The knowledge that bacteria possess adaptable immune systems that protect them from individual viruses and other foreign invaders is relatively new to science, and researchers across the globe are working to learn how these systems function and to apply that knowledge in industry and medicine.
Now, a team of UGA researchers has discovered how to harness this bacterial immune system to selectively target and silence genes. The finding, published in the early online edition of the journal Molecular Cell, reveals a powerful new tool that has far-reaching implications for biotechnology and biomedical research.
“Scientists study bacteria and other microorganisms to understand essential life processes as well as to improve their use in the safe production of foods, biofuels and pharmaceuticals, and to fight those that cause disease,” said Michael Terns, a professor in the departments of biochemistry and molecular biology, and genetics in the Franklin College of Arts and Sciences. “And now we have a new way to engineer bacteria to decrease or even eliminate the expression of the genes of our choosing.”
The bacterial immune system consists of two components. The first is an RNA (a molecule that, like DNA, contains genetic information) that acts as a homing signal to target a virus or another cellular invader. The second component is a complex of proteins that cleaves the invader’s genetic material. In a 2009 paper published in the journal Cell, Terns, co-principal investigator Rebecca Terns and their colleagues were the first to describe how this pathway, known as the Cmr branch of the CRISPR-Cas immune system, works.

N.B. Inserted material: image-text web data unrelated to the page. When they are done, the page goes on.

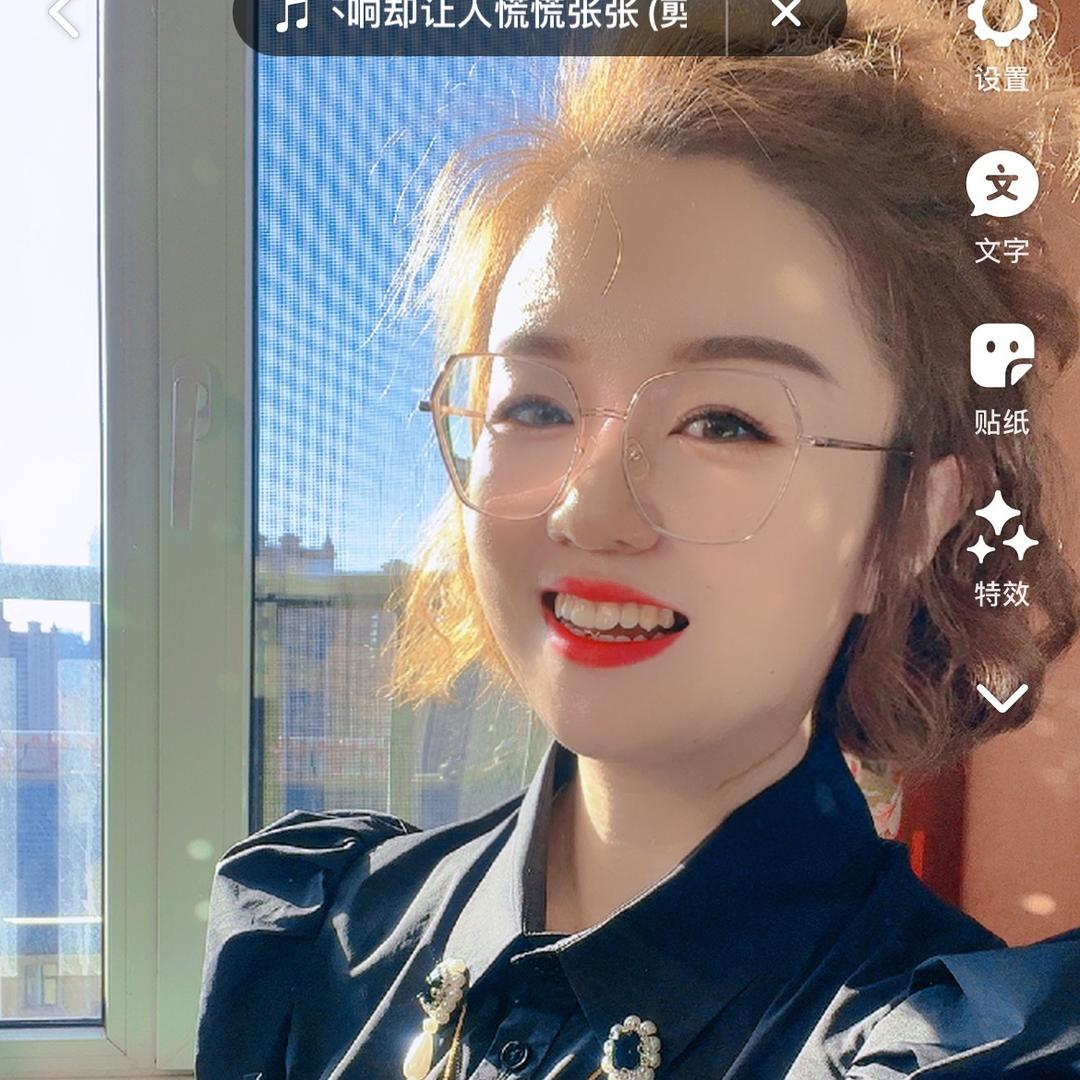 寿光市淡彩服装鞋帽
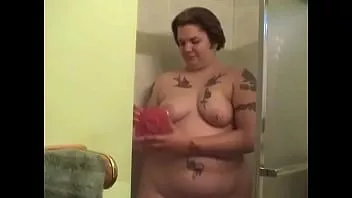 播放 纹身胖妞在淋浴时脱去她的乳房和阴户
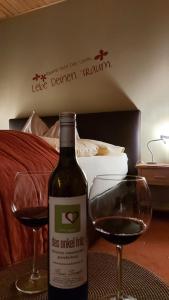 Postel nebo postele na pokoji v ubytování B&B Hotel das onkel fritz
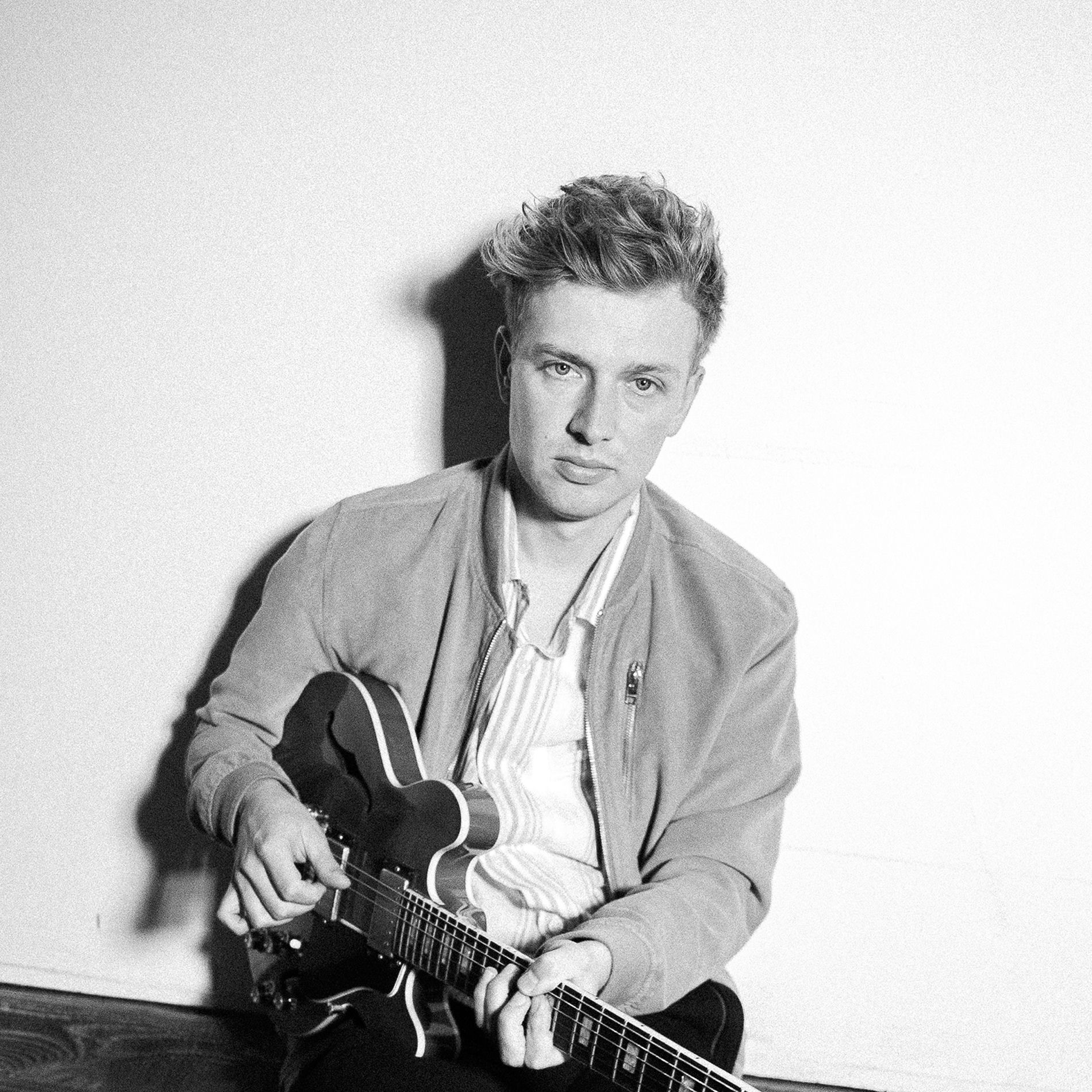 Artist picture of Phil Siemers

In their latest study, the researchers further their understanding of the system and use that in-depth knowledge to essentially hijack the bacterial immune system to direct its homing system to a target of their choosing. Using customized CRISPR RNAs with a modified homing signal, the scientists were able to destroy the message for a protein that is responsible for resistance to the most commonly prescribed family of antibiotics, the beta-lactam antibiotics (that includes, for example, amoxicillin).
“In this study we identified the key features of the RNAs that the system normally uses, and then showed that using this information we can program the system with engineered ‘homing’ RNAs to destroy new targets,” said Becky Terns, co-leader of the UGA team. “New targets would go beyond viruses and other invaders to include essentially any gene present in the organism being studied. And because we have defined the components of this system, it is possible that we can introduce it into organisms that do not already possess it to further expand the potential industrial and biomedical applications.”
Researchers could systematically shut down the function of individual genes, for example, to discern the role they play in essential cellular processes. Gene expression could be modified in bacteria that are used to break down plant materials for biofuels or that produce medications, such as insulin, to improve quality and production.
“By defining the key components of the system, Drs. Terns and their colleagues have set the stage for the development of a new tool for targeting specific RNA molecules in diverse cell types, potentially providing biomedical researchers with a valuable new way to analyze gene functions,” said Michael Bender, who oversees RNA processing and function grants at the National Institutes of Health’s National Institute of General Medical Sciences.